Intern of the Week: Sarah Stouffer-Lerch
The Ohio Education Research Center — a collaborative of the John Glenn College and the Center for Human Resource Research — offers the Public Sector Data Internship Program for students interested in exploring careers in policy research and evaluation. Students receive instruction on data based methods to investigate policy problems, and work at a state agency in Columbus for the summer. The program allows students to discover the exciting work that the Ohio Education Research Center and its affiliate partners are engaged in, and gives students practical experience with theory they learn in college classes. This summer we have 5 interns participating in the program. To highlight their hard work and dedication this summer, the OERC will be featuring each of our summer interns.
Our next intern of the week is Sarah Stouffer-Lerch. Ms. Stouffer-Lerch is interning with the Ohio Housing Finance Agency analyzing their Homeowners Assistance Fund data. Her reflections on the internship are shared below:
My name is Sarah Stouffer-Lerch, and I am a rising senior at OSU majoring in Public Policy Analysis. Throughout this summer, I have been interning at the Ohio Housing and Finance Agency’s (OHFA) Office of Housing Policy, a position I received through OSU’s Public Sector Data Science Internship Program, which is facilitated by the Ohio Education Research Center (OERC).
Having just completed my junior year, I was looking for a summer internship where I could learn more about how public agencies use data analysis to make decisions. Last summer I interned at a cultural heritage institution using primary sources to learn about historical housing policy, a project that culminated in publishing an article about a 60+ year old housing authority in Missouri.

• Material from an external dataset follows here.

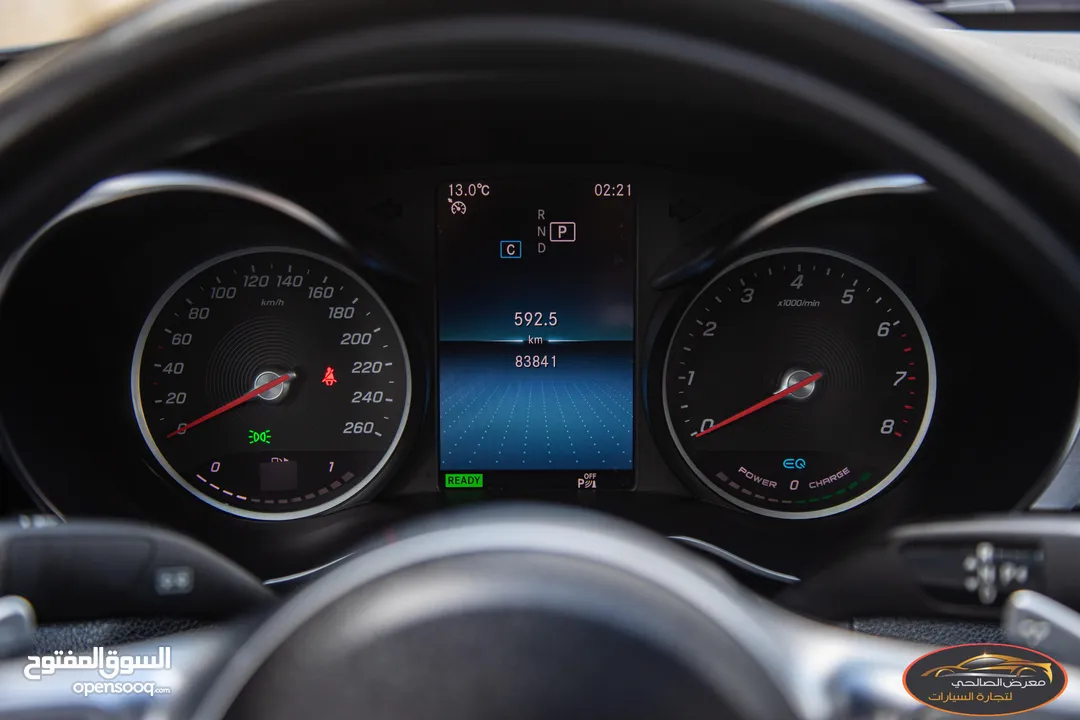 Mercedes C200 2019 Mild hybrid Amg kit Night Package   السيارة وارد الشركة و قطعت مسافة 83,000 كم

My placement at OHFA has been a great nexus between these two interests, combining both data analytics and policy research.
At OHFA, my research is centered on Homeowners Assistance Fund (HAF) data, a program established to prevent negative housing outcomes (such as mortgage delinquencies) caused by the COVID-19 pandemic. Since HAF funds are given to states and administered by individual agencies, my supervisors wanted me to analyze whether OHFA was reaching the populations it needed to reach; research that would directly benefit the program and improve its efficacy. I am primarily using R and Tableau to conduct this analysis. The most challenging part for me was learning R, but it has gotten easier to work with simply by putting in the work.

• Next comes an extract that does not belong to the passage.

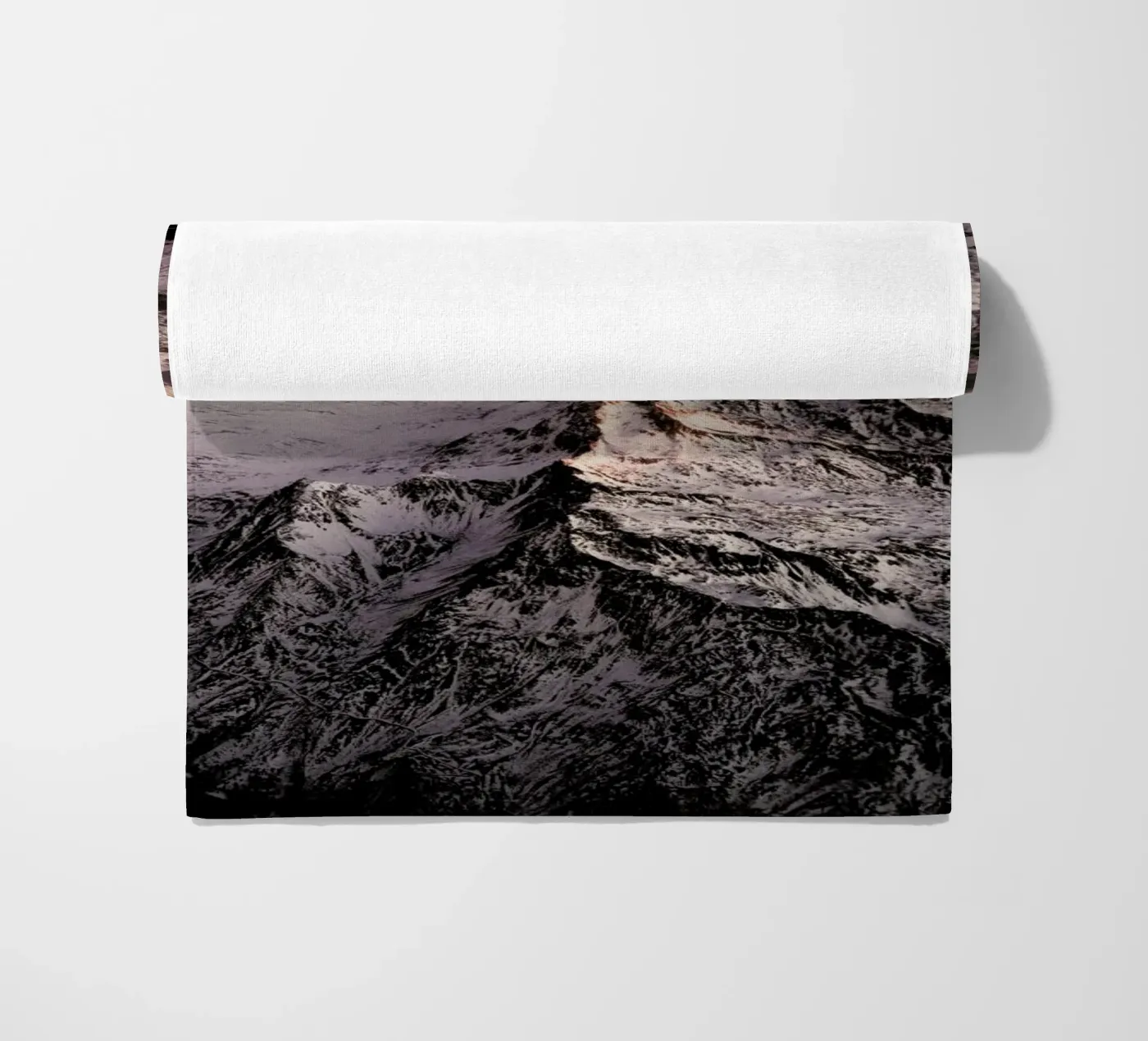 Pink Mountains telo mare da Laura Palm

Aside from my HAF research, I have been able to attend OHFA meetings, which allow me to see how my work in the Office of Housing Policy connects to the work being done in other OHFA offices as well as the agency as a whole.
The most unique thing about OERC’s Public Sector Data Sector Internship Program, and one of my favorite aspects, is that, in addition to working at my assigned agency Monday - Thursday, Fridays are reserved for a weekly wrap-up session with all the other interns involved in the program. Each intern is assigned to a different agency, so Fridays provide invaluable time to engage with and learn from each other by hearing what the other interns are working on.

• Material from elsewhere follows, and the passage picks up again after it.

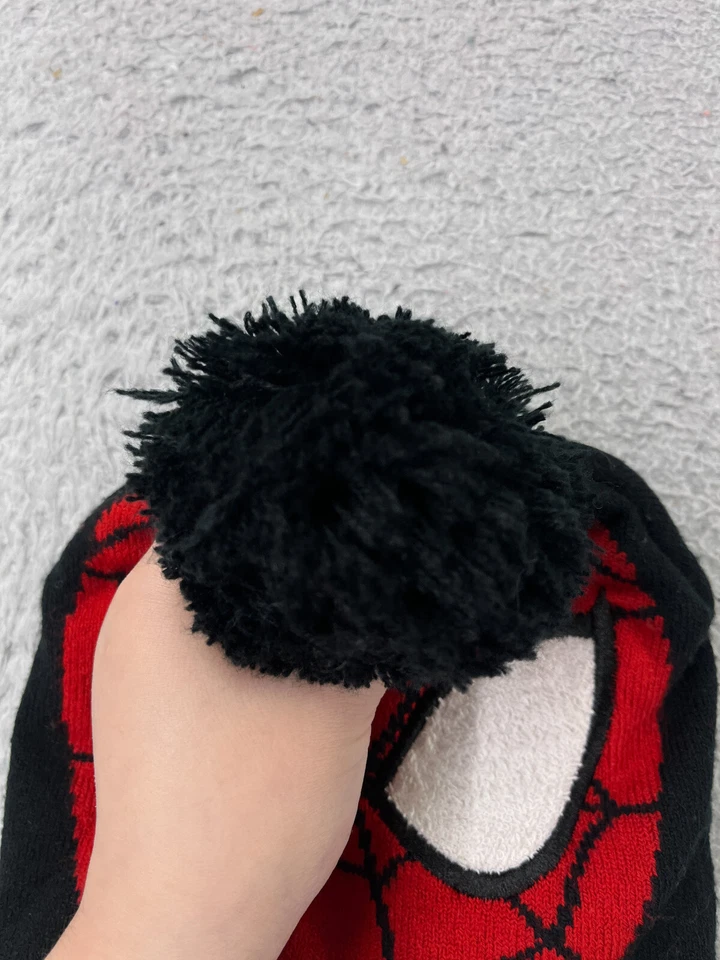 Gorro Spiderman Toque Juvenil Rojo Negro Tejido Bordado Mezcla Acrílico Pom de Esquí Foto 2 de 4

Now over halfway through my internship experience, I would definitely recommend this program to anyone interested in working with data, especially in a public policy context. Even if you do not have extensive experience with data programs like R, Stata, or Tableau, you will learn a lot just by going through this program. This program not only gives you real experience working with an agency, but also provides you with the right amount of guidance so you can succeed with whatever your research project is. Whether or not you decide to enter the public sector, you will get a lot of invaluable experience that you can carry into your future career.